Gwen was sure the diner had a mouth full of flies and was forming his words by shaping the buzzing sound with his lips. When a fly landed on Lord B.L. Zeebub's table, Gwen instinctively swatted it with a menu. Lord B.L. Zeebub whimpered, and his body buzzed with agitation.
 
‘Sorry,’ Gwen said. ‘We've had fly issues today,’ and then inexplicably added, ‘It wasn't one of yours, was it?’
 
Lord B.L. Zeebub looked at Gwen with sadness. ‘Not anymore.’”
 
Now this is proper creepy, and humorous as well. Interesting combination of person and creature, I guess, in the form of a demon or the devil with flies making up his actual body.
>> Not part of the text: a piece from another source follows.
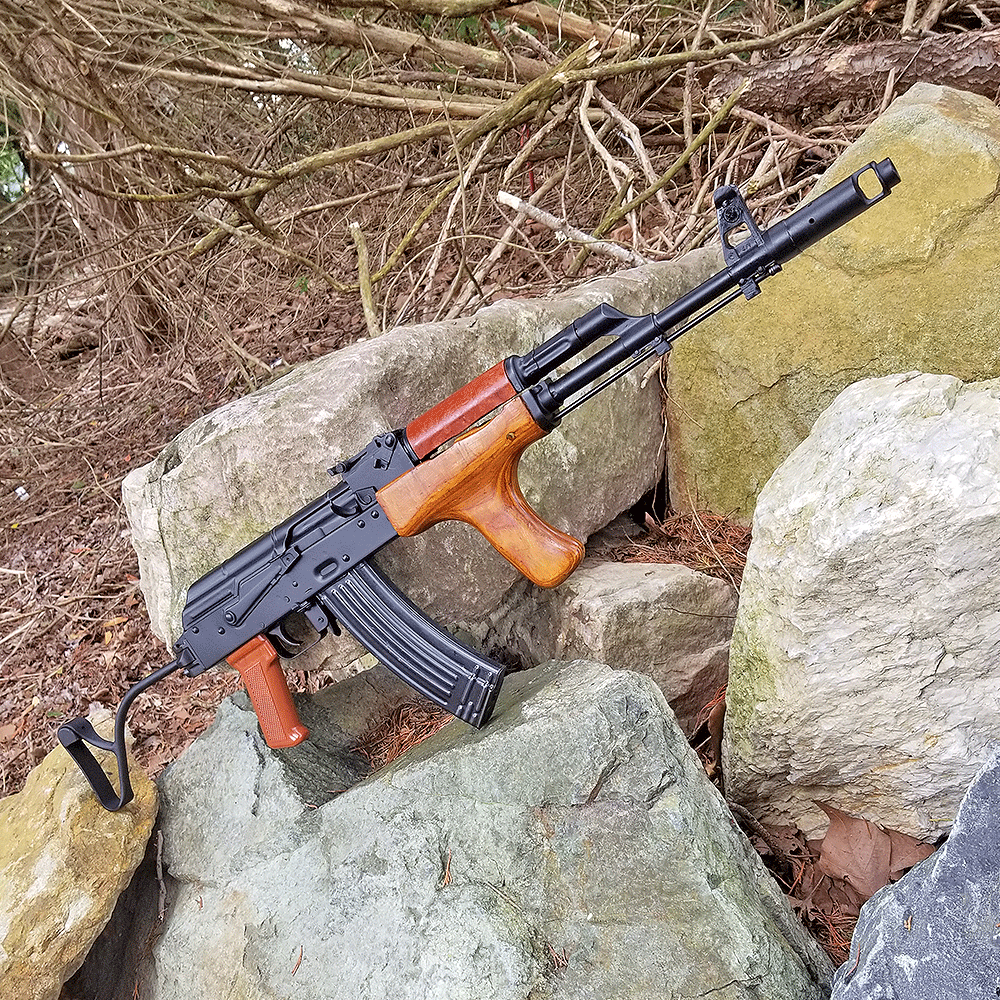 AK74 Rifles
This makes a kind of intuitive sense in its grossness. Thank you, Paul Monteith.
 
Right, well it is now time for us to dip once more into the endless story possibilities that await us in… the Socks of Destiny.
 
*SOCKS OF DESTINY ORGAN JINGLE*

This part of the show is un-transpose-able! There's much giggling and rustling of paper as I pull words at random from the Socks of Destiny to create three unique sentences according to the rules of Exquisite Corpse, going: “Describing word—noun—action—describing word—noun.” Today’s resulting sentences are:
 
1. The wondrous midnight squee’d into the microphone to attract the attention of the illuminated tree trunk.
2. The murderous blood moon eagerly awaited the trial of the inner bubble wrap.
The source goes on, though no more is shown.